As with parents and their children, critics really shouldn’t have favorites when it comes to the shows they see. But I admit it: Sweeney Todd, which just opened at Asolo Rep, is one of mine.
It’s just a pretty perfect and unique combination of so many things. There’s the setting: grimy, foggy, Victorian-era London. There are the characters: archetypes springing from penny dreadful tales that yet somehow take shape as real human beings. There’s the music: some of Stephen Sondheim’s best ever, surely; and there’s the story, which can move from the comic to the tragic to the horrific in seconds and sometimes be all three at once.
For these reasons, and also perhaps through good luck, I’ve never seen a less than successful production of the show. And the one onstage at the Mertz Theatre, under the direction of Peter Rothstein, who also helmed last year’s Ragtime there, does not break the chain.
As he did with Ragtime, Rothstein focuses the show in a more intimate than spectacular way, with fewer cast members and musicians, allowing most actors to double roles as citizens of London when it’s called for. When the curtain went up on opening night, I was at first concerned that the dramatic power of the mood-setting “The Ballad of Sweeney Todd” was diminished due to fewer voices, and the zombielike movements of the actors took me aback. Perhaps the audience was still settling in, and viewer concentration, too.
But those concerns were swiftly put aside. Once Sweeney (Allen Fitzpatrick), the former barber Benjamin Barker (say that three times fast), rises up in vengeful mode, the story moves enthrallingly and inexorably along.
Sweeney has reasons aplenty for wanting revenge, after being sentenced unjustly to a life term in Australia by a judge who lusted after the barber’s innocent wife. His escape, thanks in part to the good-hearted sailor Anthony (Perry Sherman), brings him back to London—a cesspool to him, where the rich and powerful keep the poor in their lowly place.

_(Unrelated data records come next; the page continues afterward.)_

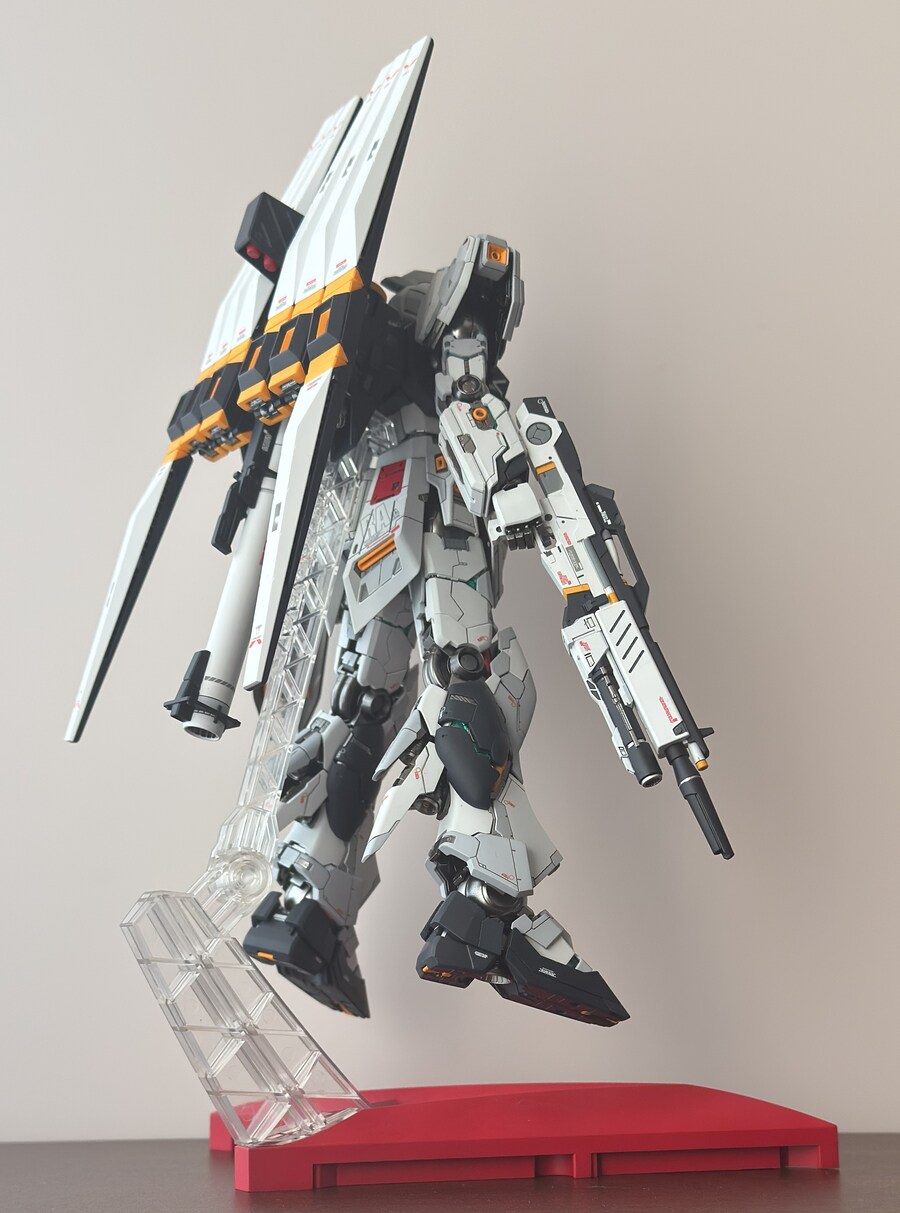 [MG] RX-93 υ Gundam Ver.Ka_3.jpg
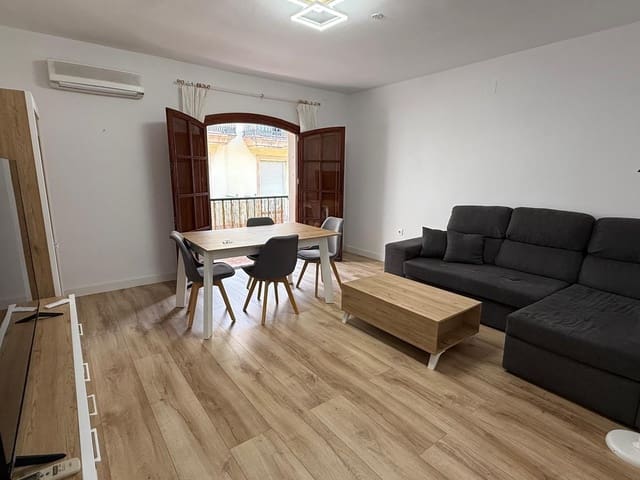 4 bedroom Flat for sale in La Línea de la Concepción - € 250,000 (Ref: 10078401)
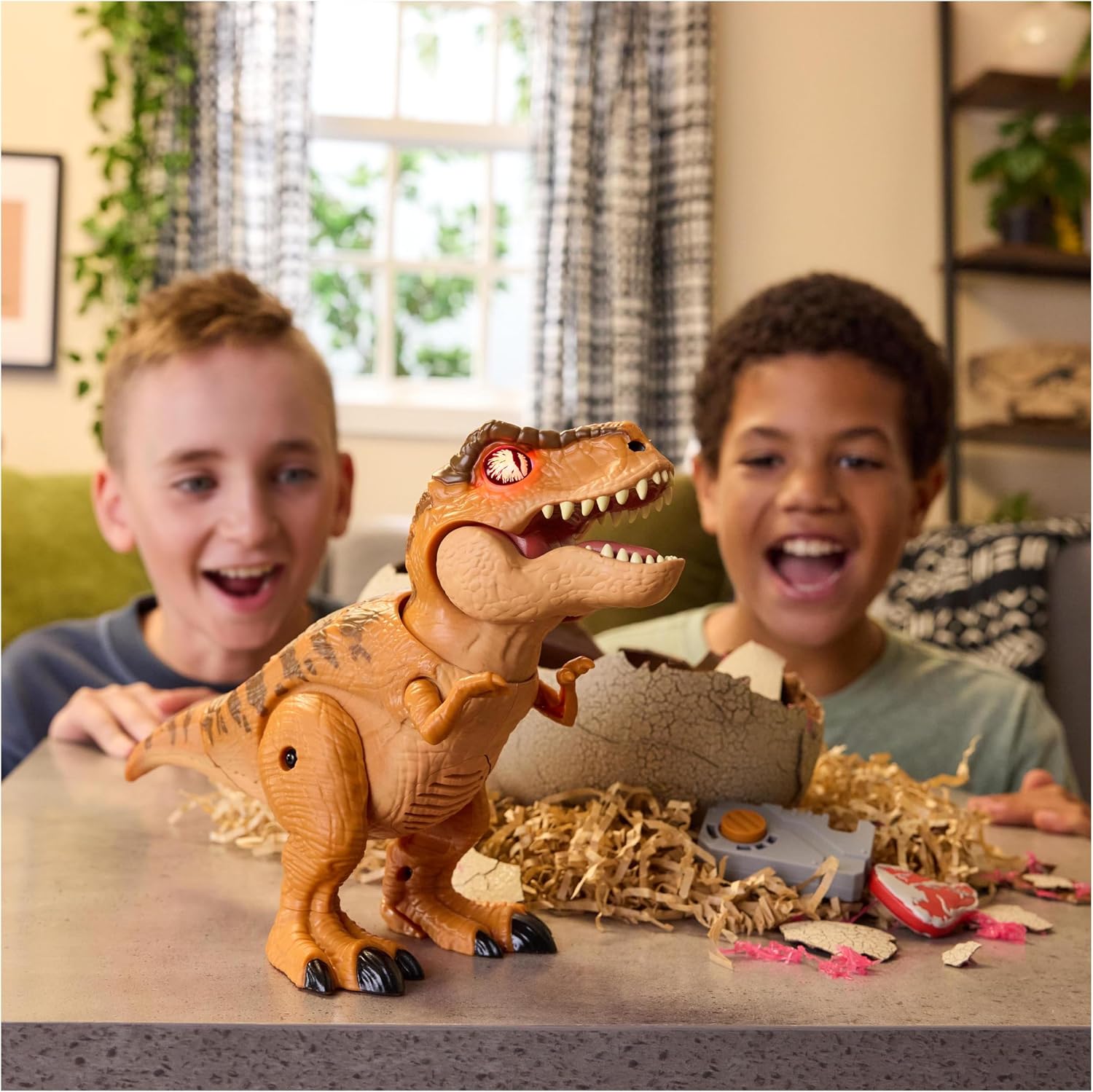 Detalle de Primal Hatch Jurassic World Interactive Dinosaur: Hatch, Train and Play with Your Own Baby Dino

But revenge, of course, has its pitfalls, as he’ll painfully learn. In the meantime, he discovers that his lovely young daughter, Johanna (Elizabeth Hawkinson), is the wicked judge’s ward, and that his former neighbor, Mrs. Lovett (Sally Wingert), has kept his sharp, gleaming razors ready for him. Woe betide Sweeney’s unsuspecting customers.
Playing out on a set (by Kate Sutton-Johnson) that allows for something of a neglected carnival feel (pre-curtain music reinforces that), the dark, grimly funny story takes us from city street to sitting room to madhouse, with a cast of just 10 ably bringing to life the seamier sides of the metropolis. Fitzpatrick is a compelling figure as the obsessed Sweeney, a hero/villain whose own doom seems foretold from the beginning.
But he also has his more frolicsome moments with Wingert, excellent as the conniving Mrs. Lovett, especially when they first conceive the plan for making those delicious meat pies on “A Little Priest,” or when she takes to a swing on the wishful “By the Sea.” Wingert’s voice may strain occasionally on high notes, but it’s more important here that she brings together the humorous and awful aspects of her character, and she does that in spades.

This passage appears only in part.